On Thursday night, Minister of Transportation Caroline Mulroney called the mayors of Bradford West Gwillimbury, Georgina and East Gwillimbury with some long-awaited news.
The Highway 400-404 link, better known as the Bradford Bypass, will be moving forward after being shelved for more than a decade.
“I am pleased to announce the province is moving forward with the Bradford Bypass after it was put on hold by the previous Liberal government,” Mulroney said Thursday night.
“The first step toward making this project a reality is to review and update the environmental assessment that was first approved by the Progressive Conservative government in 2002.”
The Bradford Bypass had been identified as a top priority by the previous Progressive Conservative government, which recognized it as a much needed east-west highway link that would ease traffic congestion in a rapidly growing region and create better connections.
When the Liberal government of Dalton McGuinty swept into power, the bypass was dropped from its new ‘Growth Plan’. The Liberals announced the bypass wasn’t simply on a back burner, it was “off the stove” until 2031.
But by 2016, York-Simcoe municipalities were pressing the province to reconsider. Rapid population growth in municipalities like Bradford West Gwillimbury, Georgina and East Gwillimbury added to traffic congestion. Green Lane is the only east-west connection, which has created a serious bottleneck.
Mulroney, elected as MPP for York-Simcoe in 2018, said she listened to the comments of residents and municipal governments.
“My role as a Member of Provincial Parliament is to bring the issues that matter most to residents to the attention of my government,” Mulroney said. The Bradford Bypass is “the No. 1 issue in York-Simcoe.”
After her recent appointment as minister of Transportation, she brought the project forward and found ready support in cabinet.
“I have been advocating for this project since I was first elected,” Mulroney said. “I was speaking on behalf of my constituents.”
Mulroney said that her government is prepared to move forward.
“We want to make sure our provincial and highway infrastructure meets the needs of our residents. York-Simcoe is growing.
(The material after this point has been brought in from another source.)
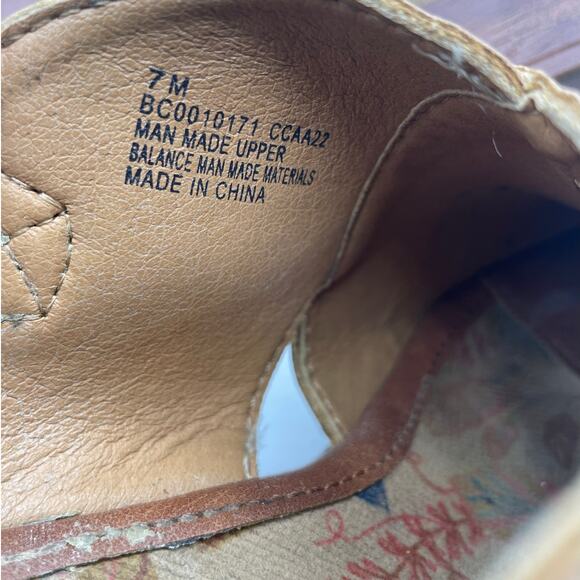 B.O.C. by Born Ceclia Clogs - Picture 6 of 6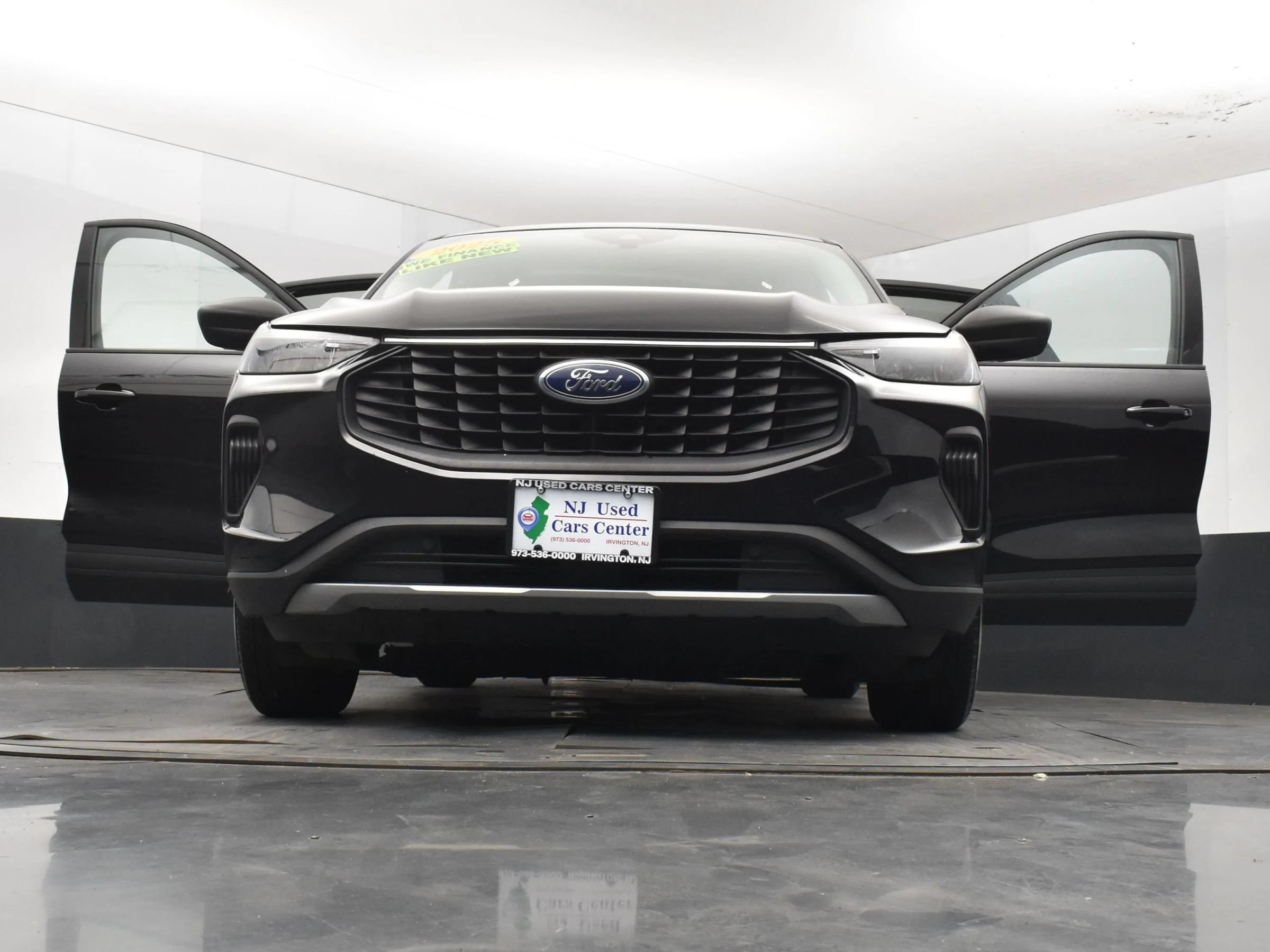 Used 2025 Ford Escape Active FWD image 8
More and more people are passing through, adding to the congestion," she said.
Bradford West Gwillimbury Mayor Rob Keffer said congratulated Mulroney for "this accomplishment."
He added, "When people realize it is only 16.2 kilometres to join the two major 400-series highways in our area, it just makes economic sense."
East Gwillimbury Mayor Virginia Hackson echoed those sentiments.
"This is wonderful news for East Gwillimbury residents and businesses," she said. "We are grateful to our MPP Caroline Mulroney for listening to our concerns regarding issues on local roads as drivers try to find a route (from) the 400 to 404 highway."
The Bradford Bypass is a key piece of infrastructure that will benefit residents and support economic development, she said.
“Work on updating the assessment and preparing for design and engineering begins today,” said Mulroney. “This is great news for the people of York Region and Simcoe County. The bypass will relieve congestion, support planned urban development and help move goods and people.”
She was asked about the potential cost of the bypass and talk that it could be built as a toll road.
“Those conversations are premature,” Mulroney said, adding: “It’s important we do have those conversations.”
But for now, the important thing is that the process has begun, she said.
“We have to review the environmental assessment and begin preparing for the design and engineering work. The key element is that our government approved.”
She promised to continue to update constituents on the progress of the bypass.
The bypass, as originally planned, is approximately 16 kilometres of highway that would link the 400 with the 404, passing through Bradford West Gwillimbury between the 8th and 9th Lines. It is proposed as a limited access highway, with access at County Rd. 4 (Yonge St.), Bathurst, and Leslie.